Central theme of Cognitive Model
Abnormality
results from cognitive complications i.e. dysfunctional beliefs are largely
responsible for psychiatric symptoms and disorders.
Psychopathology
The science that studies and
diagnose psychological disorders.
Some
of the Cognitive Complications
(i) Irrational
and inaccurate assumptions about self.
(ii) Faulty
attitudes about self.
(iii) Thinking repeatedly in illogical way.
(iv) Making
over-generalizations.
(v) Drawing
broad, negative conclusions on the basis of a single insignificant event.
(vi) All
or nothing thinking [only two options].
(vii) Distorted physiological sensations.
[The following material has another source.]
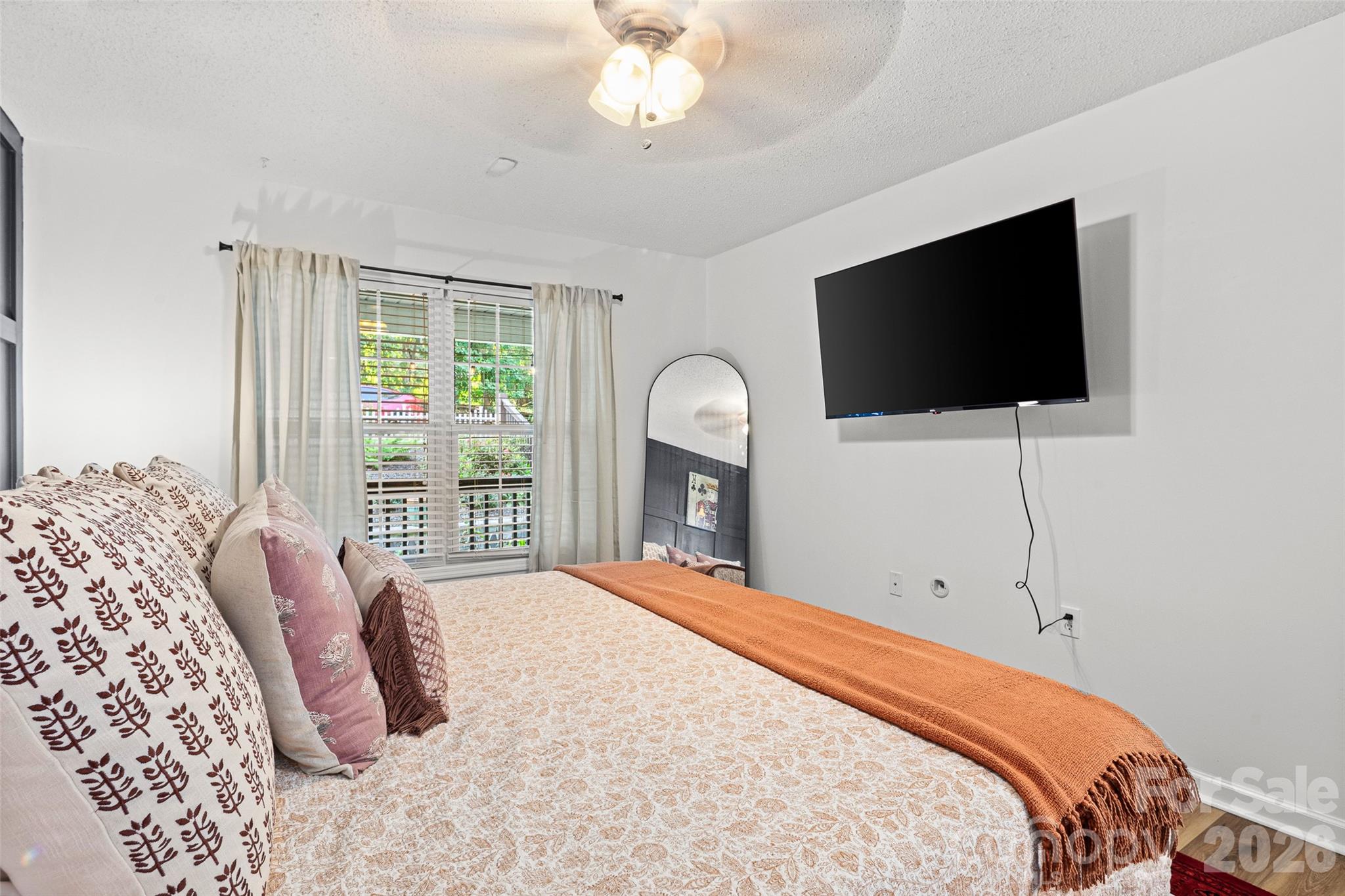 28 Grove Garden Avenue — Candler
(viii) Magnification and minimization.
(ix) Selective
abstraction.
(x) Overgeneralization
and misattribution.
(xi) Personalization
and emotion-based reasoning.
(xii) Catastrophization.
(xiii) Labeling.
Key
Principles
The vulnerability toward
psychological dysfunction lies in
(i) Core
schemas,
(ii) Beliefs,
(iii) Assumptions, and
(iv) Automatic
thoughts.
Cognitive
Model Some Insights
The perceptions and subsequent
reactions are expression of cognitive health. The response pattern of immediate and spontaneous thoughts
influences the individual’s life. The faulty or inappropriate perception leads
to distorted reality which interferes with emotional expression and
subsequently the behaviour. This process engenders abnormality. “The cognitive
model works on information-processing framework, which postulates that individuals
with psychiatric disorders tend to experience rigid and distorted patterns of
thinking and are thus less able to process information accurately when exposed
to stressful or negative experiences. These information-processing errors lead
to distorted and inaccurate thoughts, which serve to maintain psychiatric problems”
(Dobson et al., 2018).
Explanation
of Cognitive Model
1. Childhood Experiences – The unfortunate experiences
during childhood may be due to inappropriate parental behaviour leading to disturbed
development.
2. Schema – The cognitive structures
equivalent to a cognitive map which activates from the internal as well as
external cues. The subsequent schemas distort the perceptual ability leading to
inaccurate interpretation of events. This results in cognitive distortions. They
influence What and How we think. If schemas are maladaptive certainly, they
will form distorted, biased, and/or dysfunctional perceptions and faulty
problem solving They are select, encode and retrieve information (Dobson et al.
2018).
3. Core Beliefs – They are important components of
cognitive schemas. They are fixed, absolute, and generalized that people hold
about themselves, others, and the world in general. When these beliefs tends to
be negative, it leads to maladaptive behaviour.
4. Assumptions – These are conditional propositions
that direct an individual’s everyday choices and reflect their standards,
values, and rules for living. They are often in the form of
(i) If–then”
statement, (positive or negative direction)
(ii) Rule
of living
(iii) Attitude (Dobson et al., 2018). The maladaptive assumptions
tend to focus on three major issues:
acceptance, competence and control.
Themes
of Core Beliefs &Psychological Disorders
Psychological
Disorders |
Core Beliefs |
Depression |
Negative
Self-evaluation, hopelessness, failure, deprivation |
GAD |
Worry, need to
self-sacrifice, unrelenting standards |
Panic Disorders |
Fear of medical
catastrophe or a mental health catastrophe |
Social Phobia |
Fear of being
rejected, criticized or humiliated |
OCD |
Fear of losing
mental or behavioural control that leads to harm to self and others |
BPD |
Beliefs that
undermine medication compliance, manic and depressive beliefs |
Anorexia Nervosa |
Impaired autonomy,
impaired limits, overcontrol |
Suicidal ideation
and intent |
Shame, isolation,
alienation, failure, defectiveness. |
Courtesy: Dobson
et al. 2018. |
5. Trigger – The external environmental
stimuli or events that initiate a chain of [negative] thoughts.
6. Negative Automatic Thoughts – These are quick, continuous,
comprehensive, involuntarily and uncontrollable. They are event and situation
specific. They directly influence the psycho-physiological state of an individual
which results into inappropriate behaviour.
References:
1. Verma, L. P. (1965). Psychiatry in
ayurveda. Indian J Psychiatry. 1965;7:292.
2. पांडेय, जगदानंद.
(1956). असामान्य मनोविज्ञान.
पटना: ग्रंथमाला
प्रकाशन कार्यालय।
3. Coleman, J. C. (1981). Abnormal
psychology and modern life.
4. Dobson, K. S., Poole, J. C., &
Beck, J. S. (2018). The fundamental cognitive model. In R. L. Leahy (Ed.), Science and practice in cognitive
therapy: Foundations, mechanisms, and applications (p. 29–47). Guilford Press.